Samsung wants to 'own' the mirrorless camera sector, according to Seung Soo Park, Samsung’s Vice President, Strategy Marketing and Digital Media. This will include enhanced communication with customers and firmware updates for its cameras based on their requests, he said, in an exclusive interview with dpreview.com.
'Over 30% of customers are registering their NX10 - they really want to communicate with us. They're checking for firmware updates every day so we're learning to be more pro-active, trying to improve our service,' he said.

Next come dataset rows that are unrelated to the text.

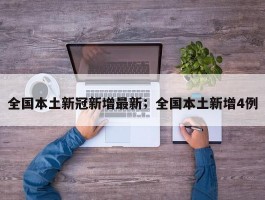 全国本土新冠新增最新；全国本土新增4例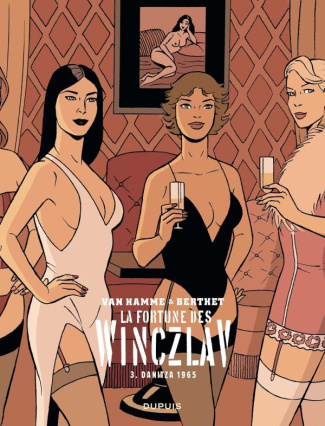 La fortune des Winczlav Tome 3 : Danitza 1965. Edition limitée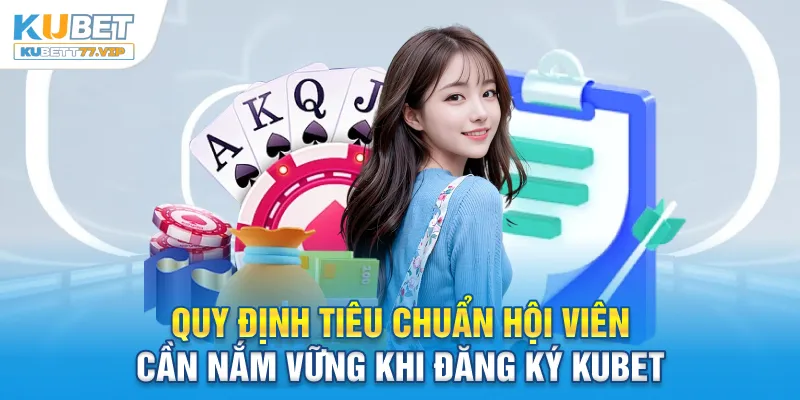 Đăng Ký Kubet Quy định tiêu chuẩn hội viên cần nắm vững khi đăng ký Kubet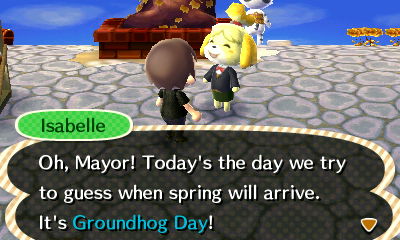 Isabelle: Today is Groundhog Day!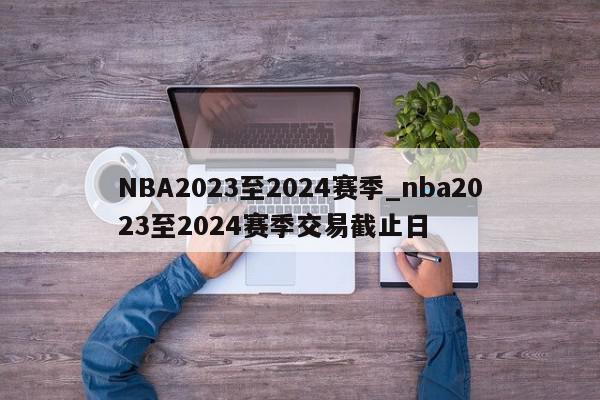 NBA2023至2024赛季_nba2023至2024赛季交易截止日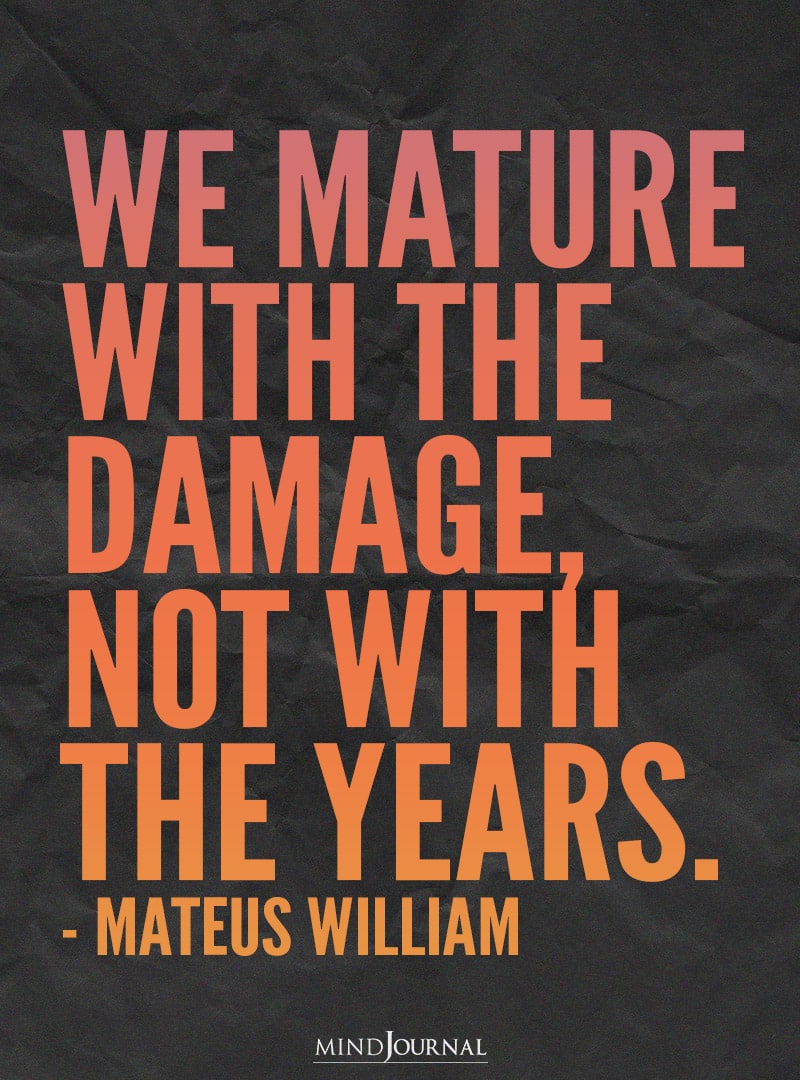 We mature with the damage.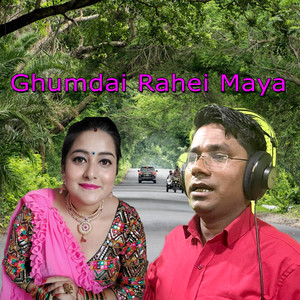 Ghumdai Rahei Maya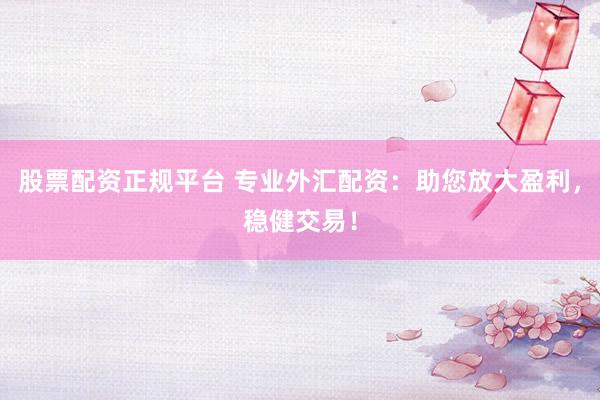 股票配资正规平台 专业外汇配资：助您放大盈利，稳健交易！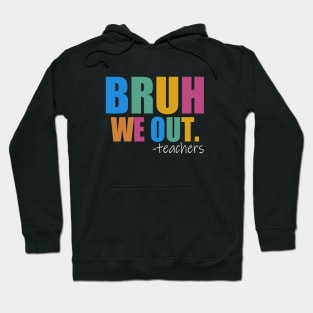 Cute End Of School Year Teacher Summer Bruh We Out Teachers Hoodie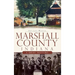 Marshall County, Indiana: A Brief History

The result will be firmware updates based on this feedback, he confirmed. 'We're receiving many good ideas, ways to upgrade and improve the user interface - we will be issuing firmware not as trouble-shooting but as relationship management,' said Byung-Deok Nam, Vice President of the development team.
Meanwhile, Park dismissed the idea that the NX10 should be seen as an entry-level DSLR competitor, citing its high-resolution AMOLED screen and 14.6MP CMOS sensor as evidence that the new mirrorless camera is in a class of its own. ‘The NX10 is a new breed of camera’ he explained - neither a development of DSLR, nor compact camera technology, but a ‘new paradigm.'
Asked how he would summarize the NX10’s unique selling points, Park pointed to Samsung’s use of an APS-C format sensor in a body which offers the same ease-of-use as a high-end compact. Huge efforts are being made, Park told us, to make Samsung into a ‘camera specialist’ in its own right and he promised consumers ‘more, and faster innovation’ in the near future.
Despite these ambitions, he admitted the company had been ‘very surprised’ by the popularity of the 30mm f/2 pancake lens. 'For every 100 kit zooms we sell, we sell 50 pancakes,'he said and pointed to the NX10’s light weight and small body as a key to the success of the tiny lens.
When asked about the future of Samsung’s GX-series DSLRs, which were developed in partnership with Pentax, Park was noncommittal. The relationship with Pentax remains one of ‘close co-operation’ he told us, but in the short term, Samsung’s focus is on NX.